Exercise
Would you transcribe the records below exactly, omitting every picture?
Dataset excerpts Block Start
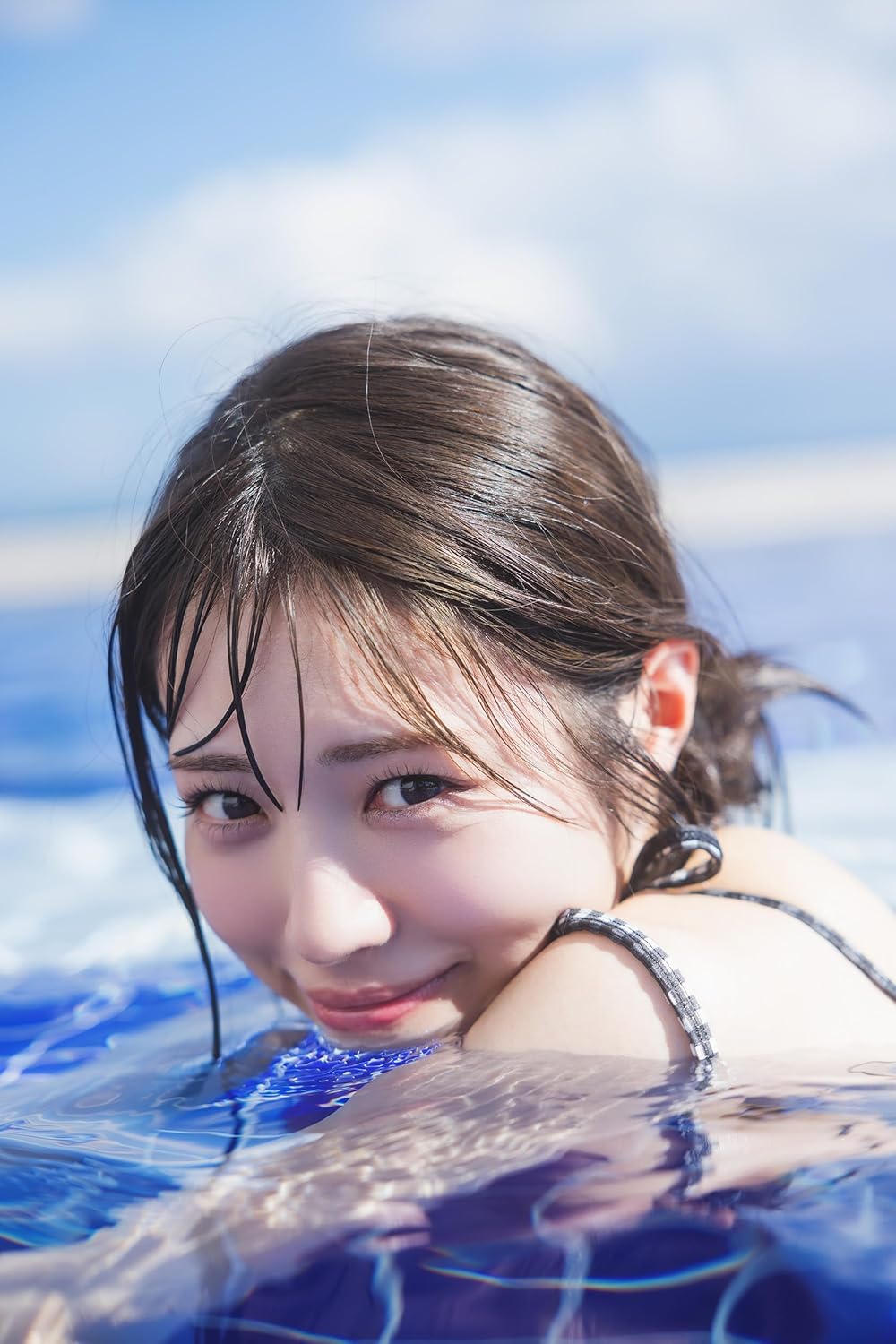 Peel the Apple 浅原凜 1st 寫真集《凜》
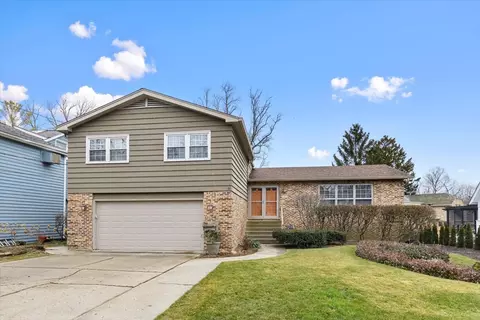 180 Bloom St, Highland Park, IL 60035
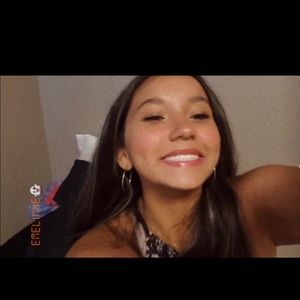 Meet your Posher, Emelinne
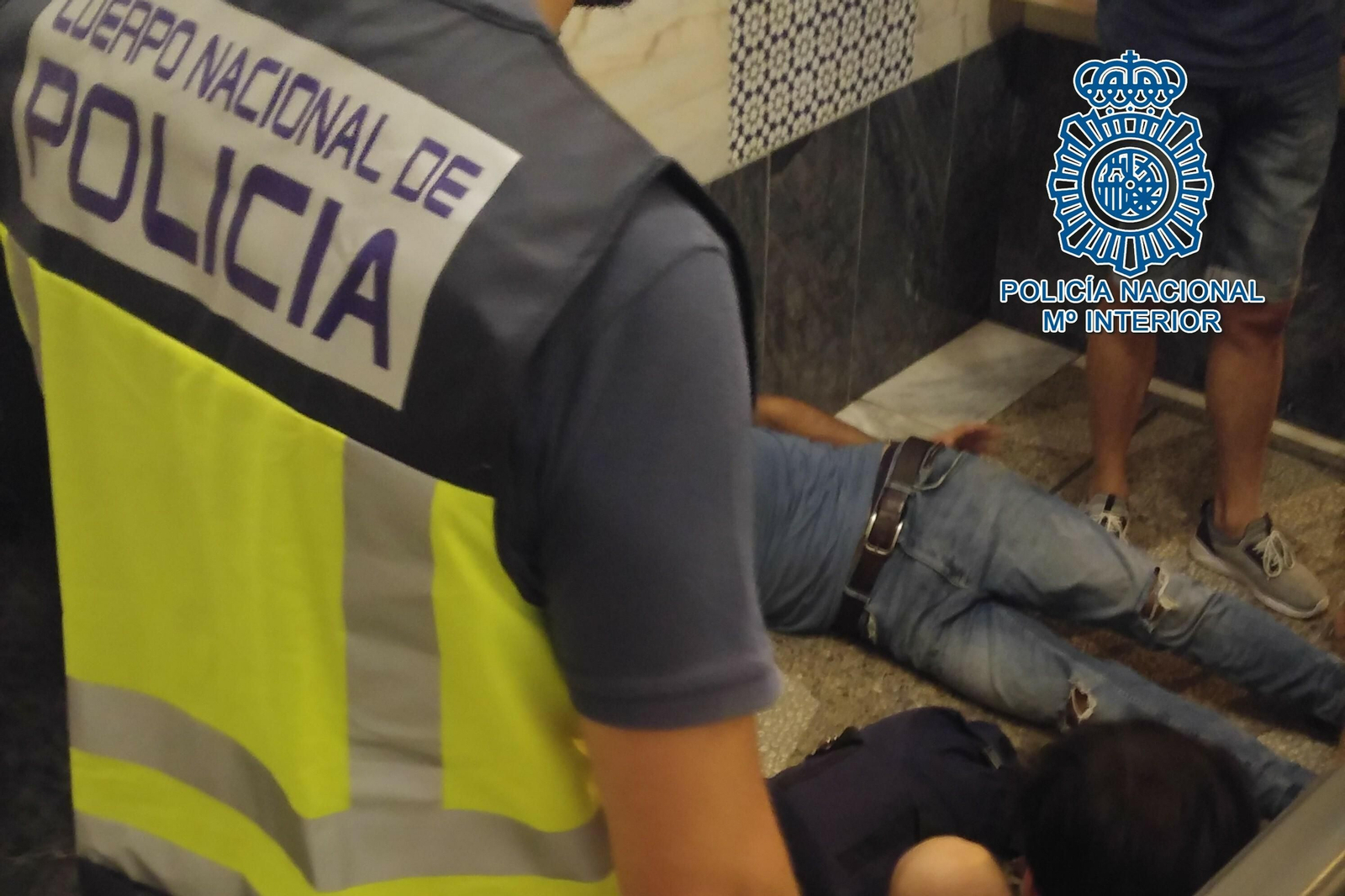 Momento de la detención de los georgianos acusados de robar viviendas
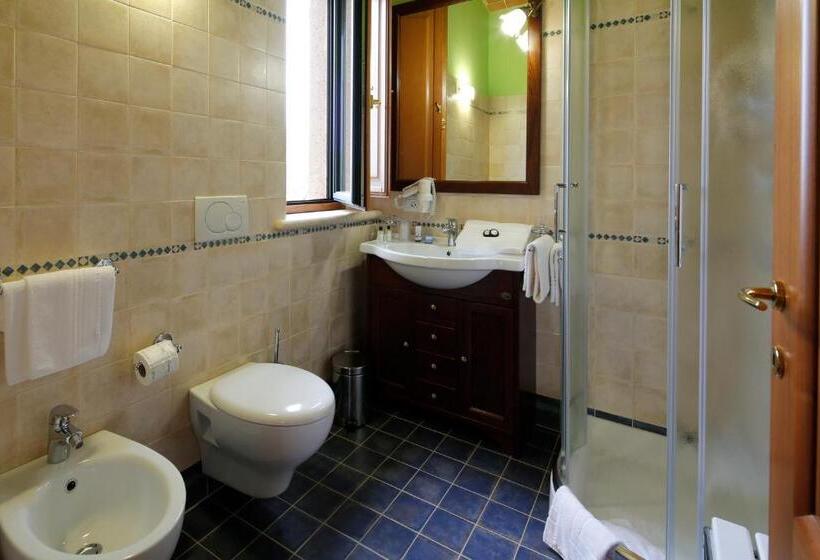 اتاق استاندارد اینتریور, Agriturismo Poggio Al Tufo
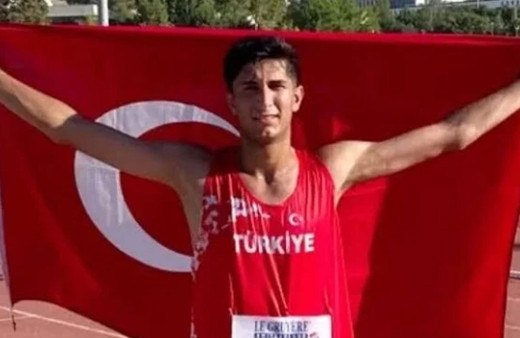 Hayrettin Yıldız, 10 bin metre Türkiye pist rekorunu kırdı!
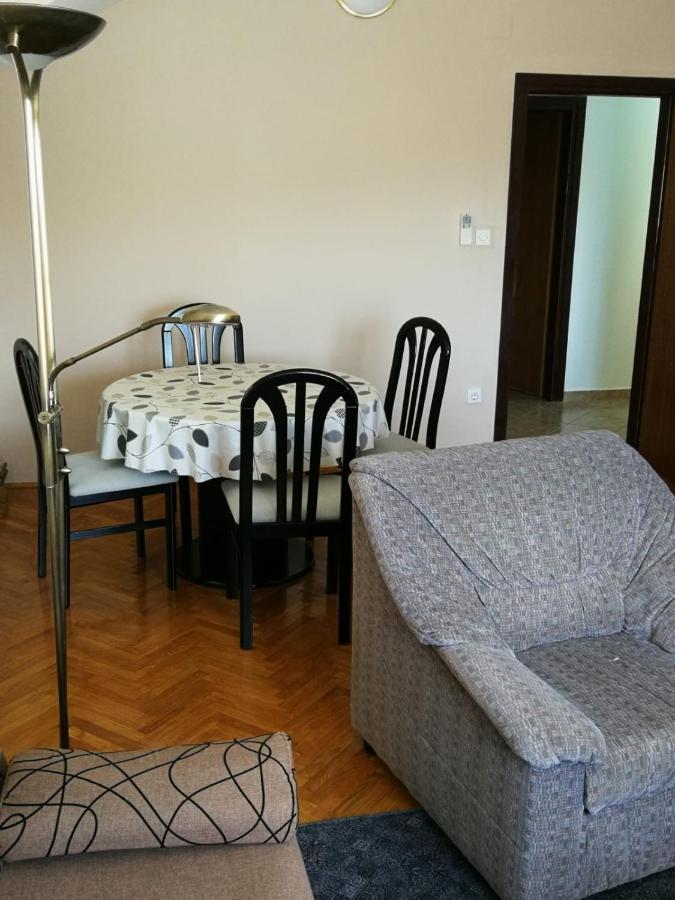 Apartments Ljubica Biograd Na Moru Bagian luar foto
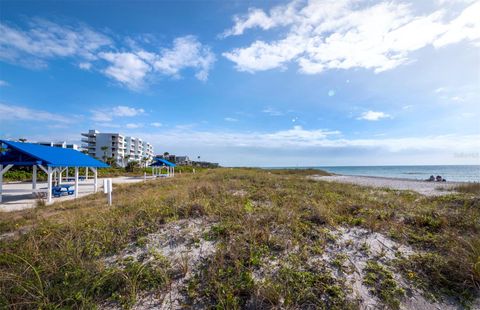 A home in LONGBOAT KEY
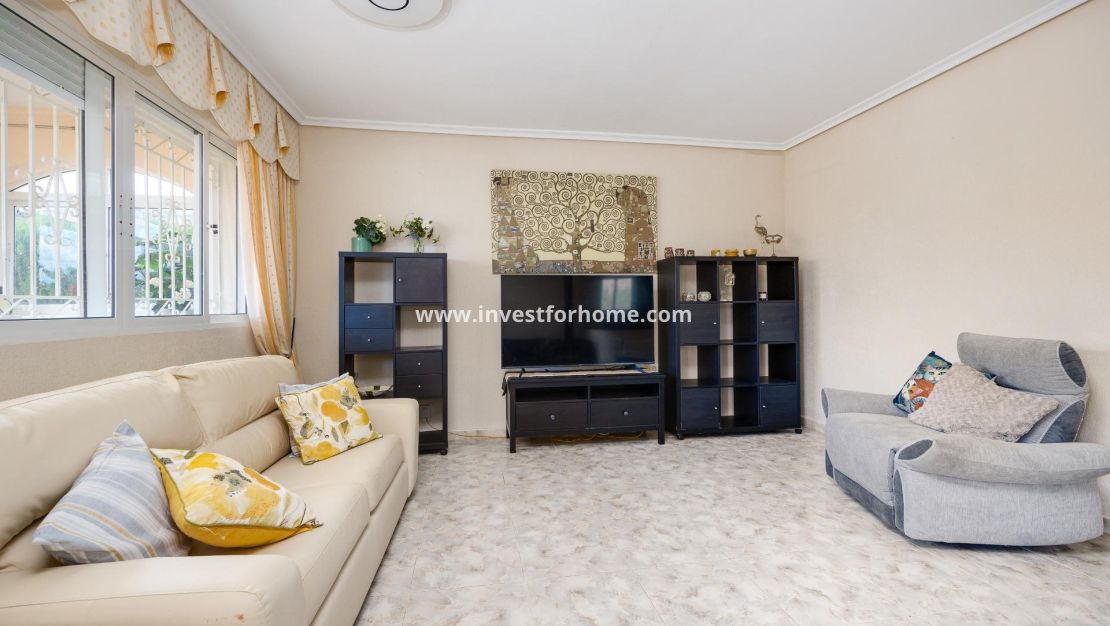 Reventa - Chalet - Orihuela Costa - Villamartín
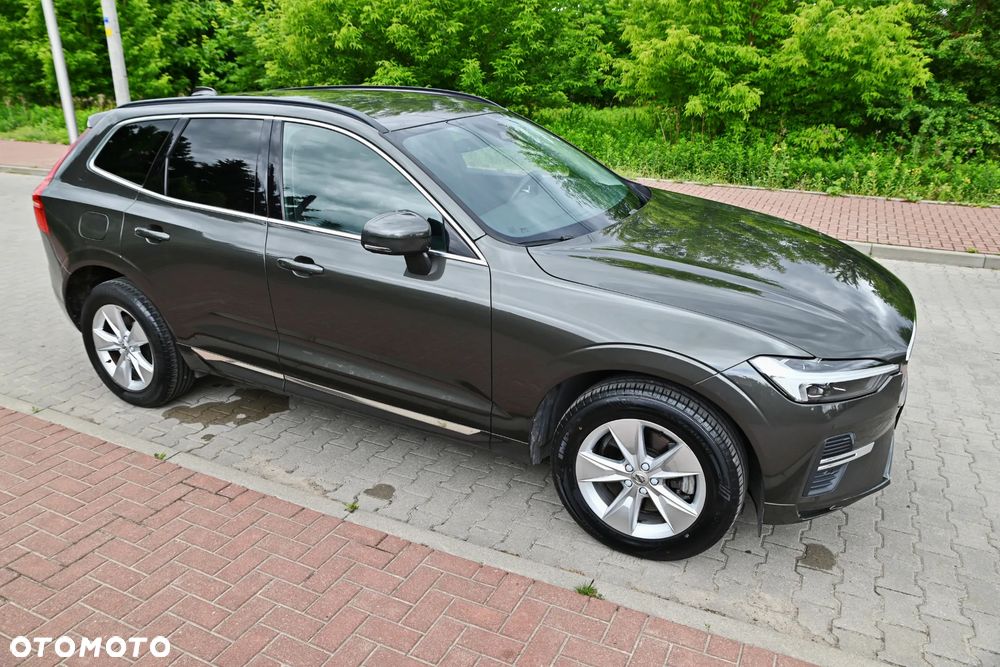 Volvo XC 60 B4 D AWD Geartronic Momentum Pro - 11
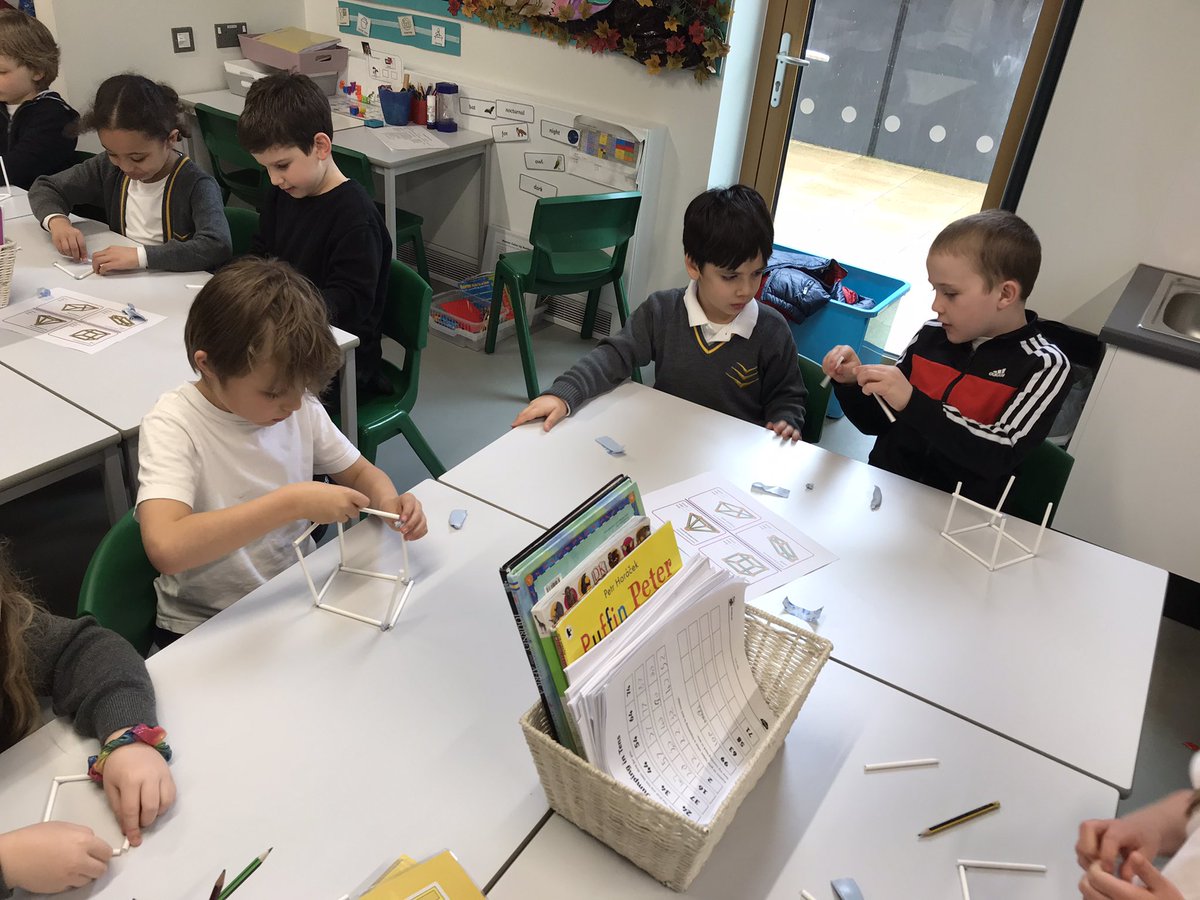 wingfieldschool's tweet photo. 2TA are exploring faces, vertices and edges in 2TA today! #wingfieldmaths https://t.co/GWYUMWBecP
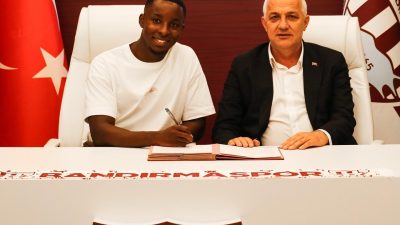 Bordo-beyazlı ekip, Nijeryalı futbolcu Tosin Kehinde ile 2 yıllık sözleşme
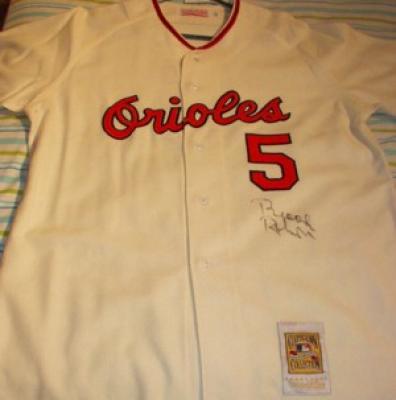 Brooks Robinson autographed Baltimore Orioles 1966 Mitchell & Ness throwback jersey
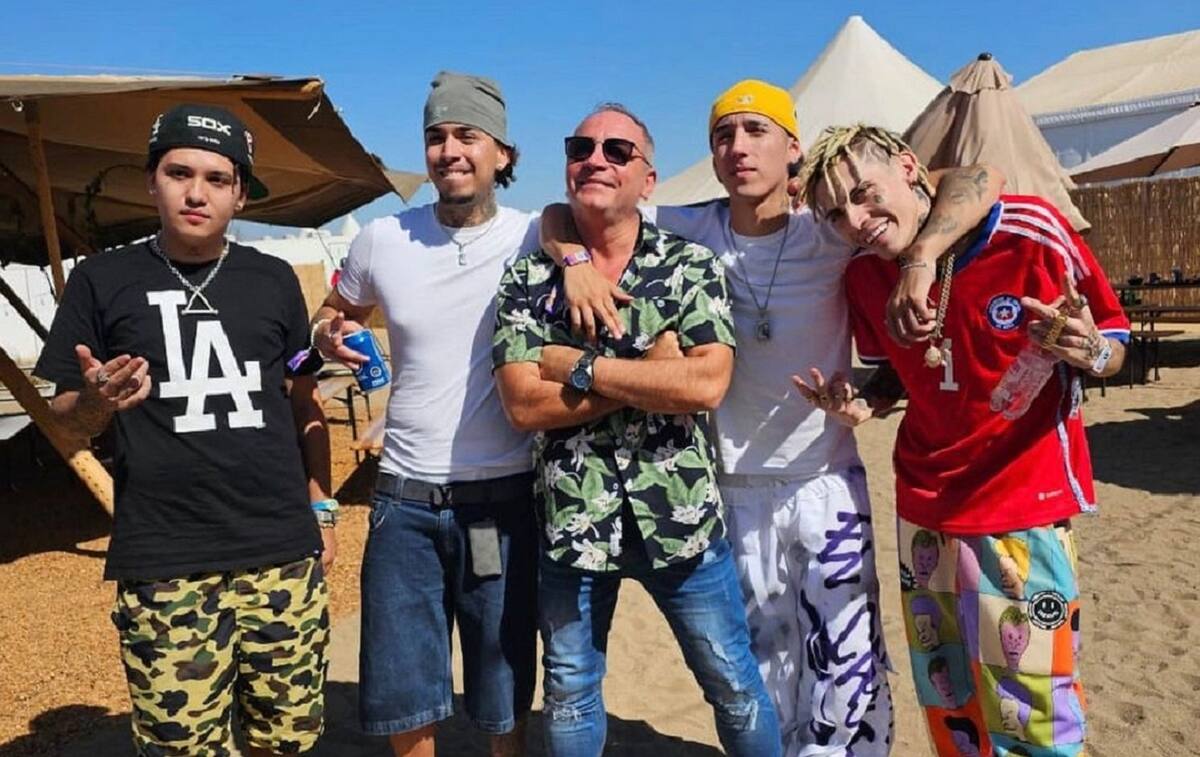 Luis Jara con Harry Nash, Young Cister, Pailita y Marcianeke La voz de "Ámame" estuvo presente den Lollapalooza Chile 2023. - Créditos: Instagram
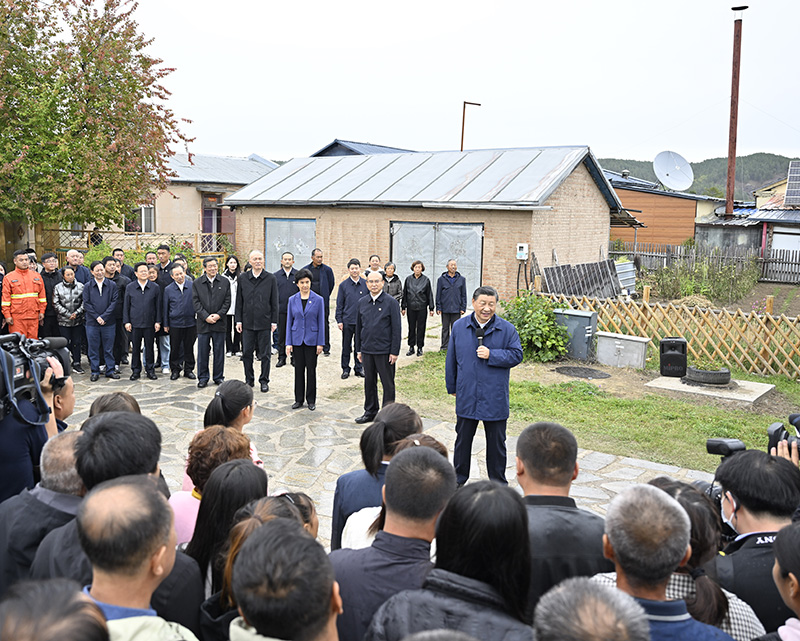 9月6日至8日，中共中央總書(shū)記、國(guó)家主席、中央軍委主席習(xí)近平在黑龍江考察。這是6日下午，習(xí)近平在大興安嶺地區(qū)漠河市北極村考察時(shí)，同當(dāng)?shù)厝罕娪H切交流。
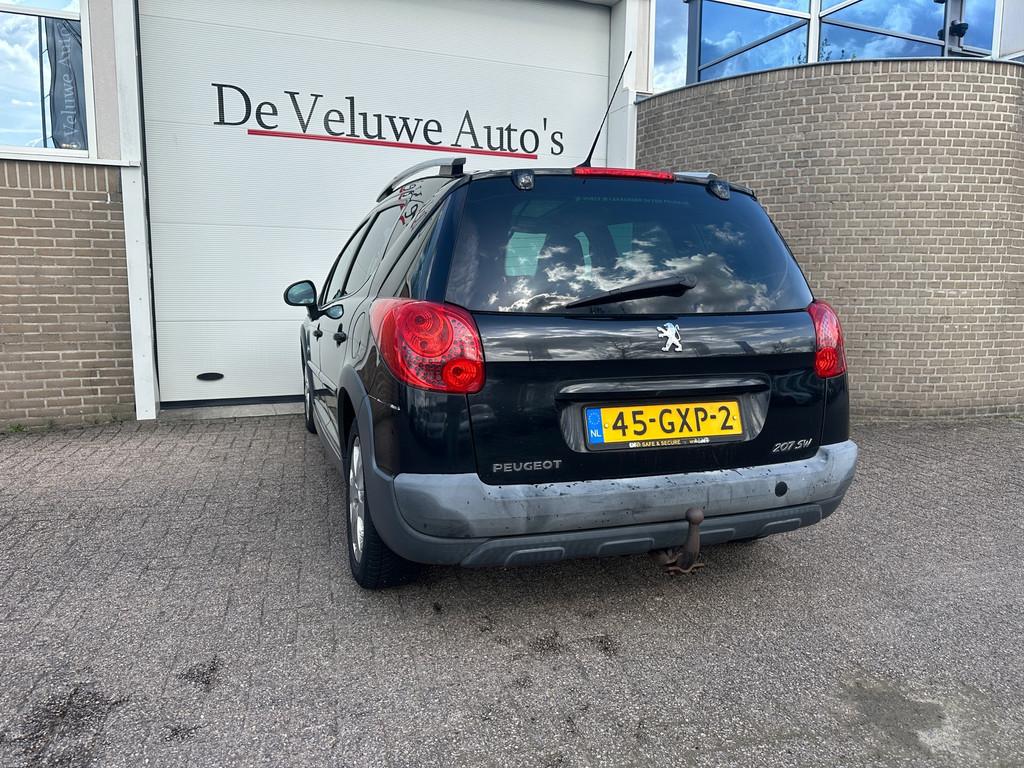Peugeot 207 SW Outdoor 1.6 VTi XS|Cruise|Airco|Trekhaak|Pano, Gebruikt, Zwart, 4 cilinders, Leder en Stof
Dataset excerpts Block End
Answer below
 Peel the Apple 浅原凜 1st 寫真集《凜》
 180 Bloom St, Highland Park, IL 60035
 Meet your Posher, Emelinne
 Momento de la detención de los georgianos acusados de robar viviendas
 اتاق استاندارد اینتریور, Agriturismo Poggio Al Tufo
 Hayrettin Yıldız, 10 bin metre Türkiye pist rekorunu kırdı!
 Apartments Ljubica Biograd Na Moru Bagian luar foto
 A home in LONGBOAT KEY
 Reventa - Chalet - Orihuela Costa - Villamartín
 Volvo XC 60 B4 D AWD Geartronic Momentum Pro - 11
 wingfieldschool's tweet photo. 2TA are exploring faces, vertices and edges in 2TA today! #wingfieldmaths https://t.co/GWYUMWBecP
 Bordo-beyazlı ekip, Nijeryalı futbolcu Tosin Kehinde ile 2 yıllık sözleşme
 Brooks Robinson autographed Baltimore Orioles 1966 Mitchell & Ness throwback jersey
 Luis Jara con Harry Nash, Young Cister, Pailita y Marcianeke La voz de "Ámame" estuvo presente den Lollapalooza Chile 2023. - Créditos: Instagram
 9月6日至8日，中共中央總書(shū)記、國(guó)家主席、中央軍委主席習(xí)近平在黑龍江考察。這是6日下午，習(xí)近平在大興安嶺地區(qū)漠河市北極村考察時(shí)，同當(dāng)?shù)厝罕娪H切交流。
Peugeot 207 SW Outdoor 1.6 VTi XS|Cruise|Airco|Trekhaak|Pano, Gebruikt, Zwart, 4 cilinders, Leder en Stof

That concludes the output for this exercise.